Often when business data gets corrupted we really do not know what caused it
& focus on fixing it.  Several people knew precisely what had caused data on
a 400 to become corrupted, such as a lightning strike, power outage with no
UPS in which it is remarkable that they recovered all the lost business data,
and several people reported hits where they did not nail down the cause.

When I mentioned "software bugs" I was not referring to who made the mistake
- programmer at IBM customer site, consultant, or original vendor of the
software (I have seen all 3), but I had not considered possibility of a bug
in an OS release, prior to it being found & fixed.  I must say that IBM fixes
bugs in releases extremely fast compared to everyone else finding & fixing
their bugs.

Yes, I have seen cross-linked files, but that was application management
error.

I am familiar with runaway conditions testing a program that turned out to
have a loop, and mountain of error messages from a flaky connection where
perhaps no one monitoring QSYSMSG or QSYSOPR.

In the non-standards world of confusion about what is proprietary & what is
open, the OS can get blamed for what might be a conflict with 3rd party
software mods to the OS reality, that I think the OS should not permit.  This
is something that seems much more prevalent in the Microsoft world than in
computers from companies that came from mainframe & mini & midrange, like IBM
& the 7 dwarves.

However it was interesting to hear from people with first hand experience that
Linux on PCs is very stable compared to the standard OS of PC & Mac.
One contact recently had some Oracle training in which learning how to
recover from corrupted data bases is part of that job.

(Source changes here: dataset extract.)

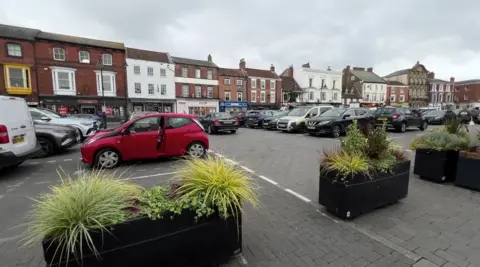 A view of a large market place, laid with grey block paving stones, with parking in the centre and black planters, topped with green shrubs, at the front  of the photo. Cars are parked behind them. The square is surrounded by buildings, some Georgian-style, some more modern retail units.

In 1984 I was working at a place that had put something called RPL (I think)
on an IBM Series/1 which was like MAPICS in that everything was accessed by
address chains & if you had a disruption, the chains could get broken, and
you could not reconstruct your data.  When there was a weather front, it was
like pulling the plug on the remote users who were linked by a non-standard
(wire your own) ma bell connection.  That was the employer that went
bankrupt.  They knew enough to keep the mission critical stuff on S/34.